Supplied material
_ _ _ _ _ _ _

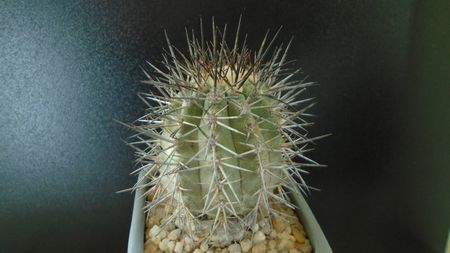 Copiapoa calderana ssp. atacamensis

_ _ _ _ _ _ _

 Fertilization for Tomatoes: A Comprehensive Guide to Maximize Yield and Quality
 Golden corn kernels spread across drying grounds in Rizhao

_ _ _ _ _ _ _

Work required
Please give an exact copy of the lines above, beginning with the line containing "Fertilization for Tomatoes: A" and running through the line containing "Golden corn kernels", and of no other lines.

Task solution
 Fertilization for Tomatoes: A Comprehensive Guide to Maximize Yield and Quality
 Golden corn kernels spread across drying grounds in Rizhao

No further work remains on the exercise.